While the Israeli strikes cannot be justified through humanitarian intervention, the two other grounds serve as the only plausible justifications of the Israeli strikes in Syria. Israel may try to argue that it has some moral claim to (as the transfer of arms to Hezbollah violates U.N. Security Council Resolutions 1559, 1680, and 1701, all of which call on disarming and disbanding Hezbollah).
Regardless of whether you agree with the above analysis or find it convincing, the point of the matter is that the Israeli case study poses the same type of a “challenge” to the Charter-based legal order, enshrined in Article 2(4), as the US strike in April. The fact that the Israeli strikes are ongoing and continuous, whereas the US strike was a single attack, only justifies even more legal analysis to be provided surrounding the Israeli practice. The legal complexities, between the US and Israeli case studies, are not identical, but they are also not intrinsically different. In his 2013 analysis of one of the Israeli strikes, Patrick concluded that “Israel’s use of force may be a prudent act of statecraft. Whether it is formally legal is another matter, and doubtless of secondary concern in Jerusalem.” There you have it, another case of “illegal but legitimate” for the books.
The Israeli and US strikes are also comparable from the perspective of their potential political implications. The continued Israeli incursions into Syrian airspace could easily escalate into a war between two states.
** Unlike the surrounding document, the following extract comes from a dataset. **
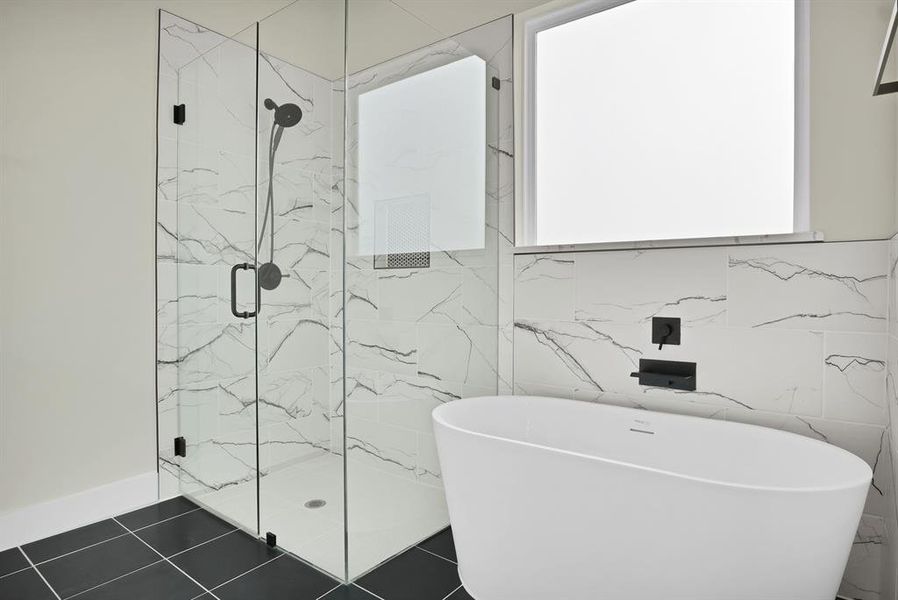 Bathroom featuring separate shower and tub and tile patterned floors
The fact that an Israeli patriot missile had to be fired against a Syrian drone (which was launched in retaliation for Israel’s strikes) is a recent example of how fragile the security situation is between the two countries.
Moreover, in her Just Security article Jennifer Daskal criticized the fact that the Trump administration did not provide “a public justification beyond an asserted ‘vital national security interest of the United States to prevent and deter the spread and use of chemical weapons’” – coupled with a concern about how the refugee crisis threatens the United States and its allies.” She wrote further, “this is disturbing. Whatever one thinks of both the policy justification for the strike, the law also matters. As does the articulation of that law.”
Well, at least the Trump administration publicly declared that it had launched an attack. The Israeli Government refuses to take even this basic step, relying solely on ‘neither confirm nor deny’ as a preferred method of choice. Israel should too be told that the law matters, as does the articulation of that law. Shouldn’t we demand from Israel the same kind of legal scrutiny and standard for transparency? But far more tragically, shouldn’t we demand that of ourselves, as international legal scholars?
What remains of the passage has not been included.